# Week 04: Getting started with R and RStudio


## Introduction

This tutorial shows how to get started with R and it specifically focuses on R for analyzing language data but it offers valuable information for anyone who wants to get started with R. As such, this tutorial shows how to properly and tidily set up a project before you start coding and exemplify common operations such as loading and manipulation tabular data and generating basic visualization using R. 

### Goals of this tutorial

The goals of this tutorial are:

- How to get started with R 
- How to orient yourself to R and RStudio
- How to create and work in R projects
- How to know where to look for help and to learn more about R
- Understand the basics of working with data: load data, save data, working with tables, create a simple plot
- Learn some best practices for using R scripts, using data, and projects 
- Understand the basics of objects, functions, and indexing


### Preparation

Before you actually open R or RStudio, there things to consider that make working in R much easier and give your workflow a better structure. 

Imagine it like this: when you want to write a book, you could simply take pen and paper and start writing *or* you could think about what you want to write about, what different chapters your book would consist of, which chapters to write first, what these chapters will deal with, etc. The same is true for R: you could simply open R and start writing code *or* you can prepare you session and structure what you will be doing.

### Folder Structure and R projects

Before actually starting with writing code, you should prepare the session by going through the following steps:

#### Create a folder for your project

In that folder, create the following sub-folders (you can, of course, adapt this folder template to match your needs)

  - data (you do not create this folder for the present workshop as you can simply use the data folder that you downloaded for this workshop instead)
  - images
  - tables
  - docs

The folder for your project could look like the the one shown below.

![](https://slcladal.github.io/images/RStudio_newfolder.png)
   

Once you have created your project folder, you can go ahead with RStudio.

#### Open RStudio

This is what RStudio looks like when you first open it: 

![](https://slcladal.github.io/images/RStudio_empty.png)

In RStudio, click on `File` 
  
![](https://slcladal.github.io/images/RStudio_file.png)

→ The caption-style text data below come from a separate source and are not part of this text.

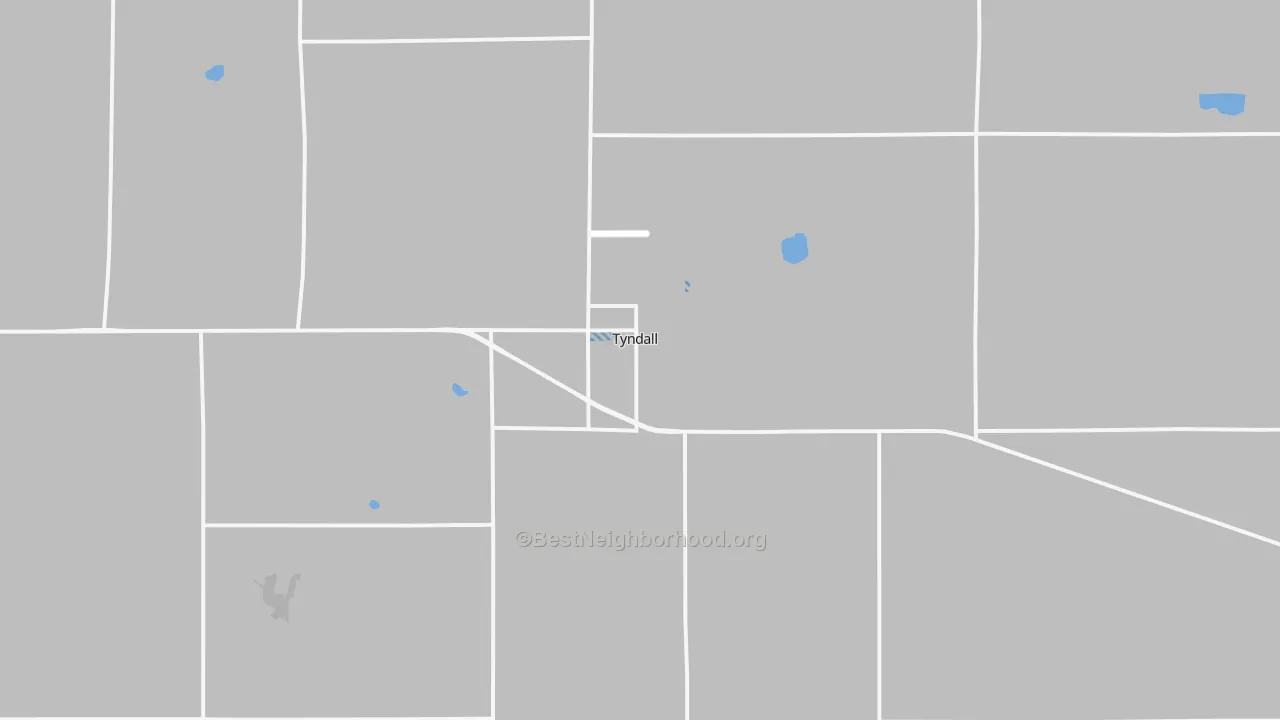 Transit Grade map of 57066, SD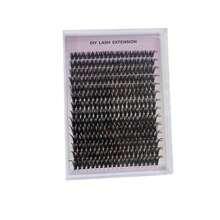 8-16mm 154 Stücke DIY Wimpernverlängerungs-Set, Einzelwimpern-Cluster D Curl mit Klebstoff, Pinzetten-Tools für Anfänger, falsche Wimpernverlängerungen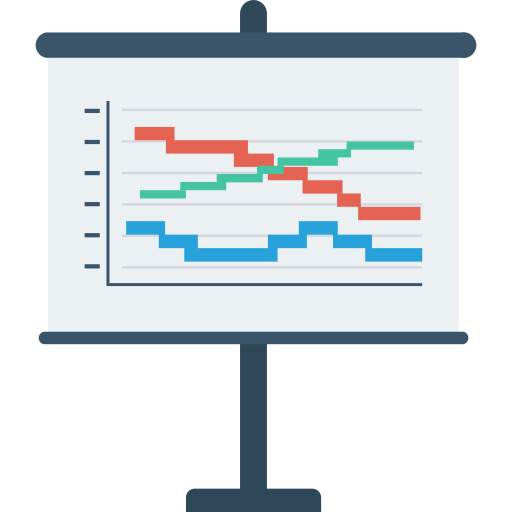 Line chart icon
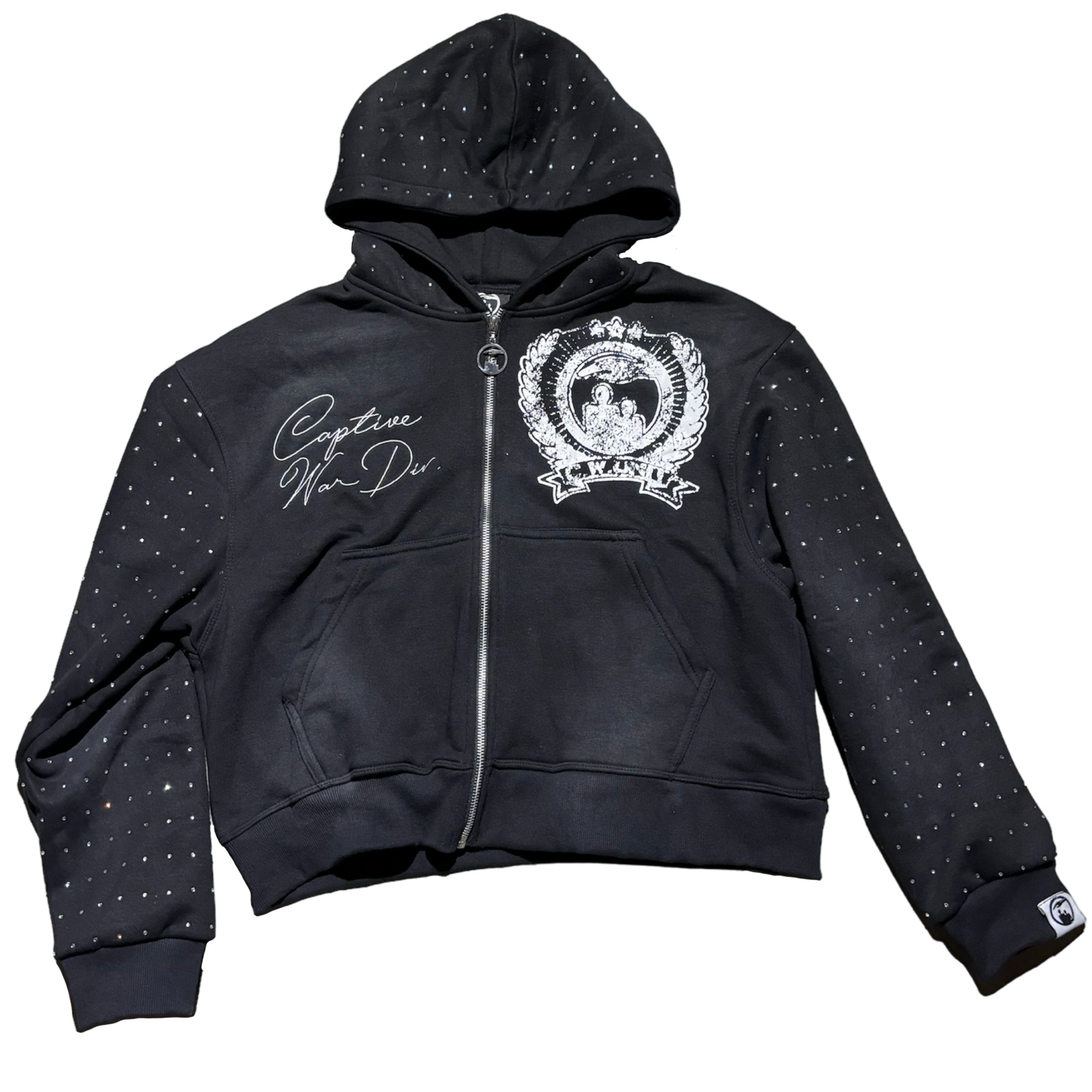 C.W. UNIT RHINESTONE ZIP-UP (MIDNIGHT)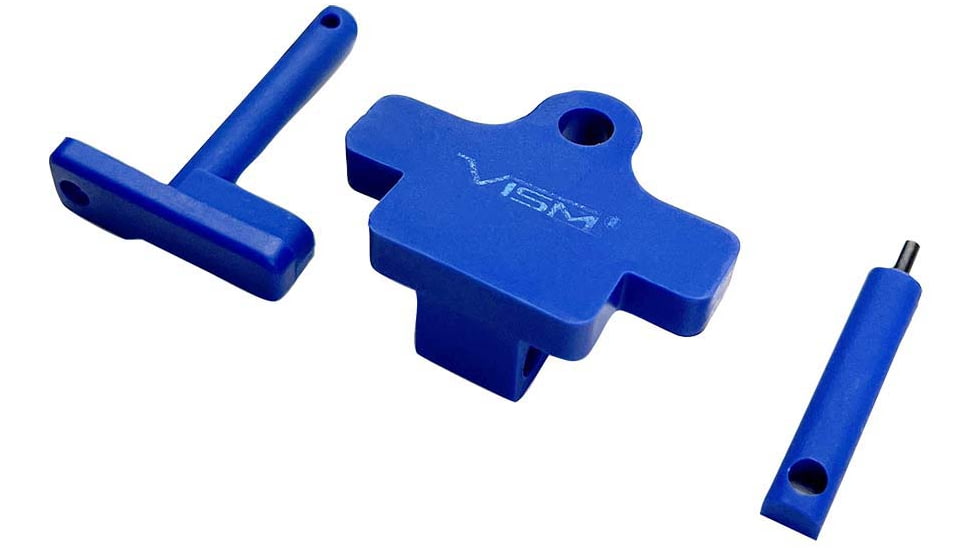 VISM Front Receiver Pin Tools, AR15, Blue Polymer, Steel, VTARFRP
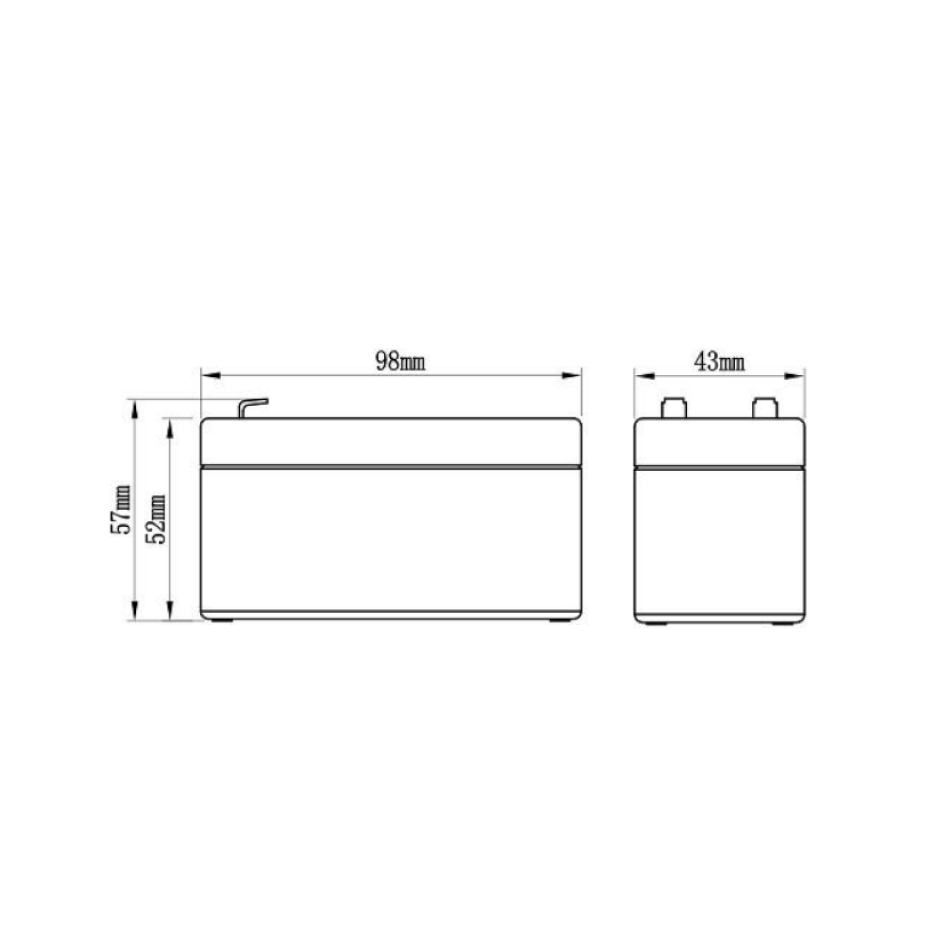 картинка Аккумулятор AP 12-1.3 от магазина Охранных систем и видеонаблюдения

You can use the drop-down menu to create a `R project`

#### R Projects

In RStudio, click on `New Project`
  
![](https://slcladal.github.io/images/RStudio_newfile.png)
  
Next, confirm by clicking `OK` and select `Existing Directory`.

Then, navigate to where you have just created the project folder for this workshop.
  
![](https://slcladal.github.io/images/RStudio_existingdirectory.png)
  
Once you click on `Open`, you have created a new `R project` 
  
#### R Notebooks
  
In this project, click on `File`
  
![](https://slcladal.github.io/images/RStudio_file.png)
  
Click on `New File` and then on `R Notebook` as shown below.

![](https://slcladal.github.io/images/RStudio_newnotebook.png) 

This `R Notebook` will be the file in which you do all your work.



#### Getting started with R Notebooks

You can now start writing in this R Notebook. For instance, you could start by changing the title of the R Notebook and describe what you are doing (what this Notebook contains).

Below is a picture of what this document looked like when I started writing it.

![](https://slcladal.github.io/images/RStudio_editMD.png)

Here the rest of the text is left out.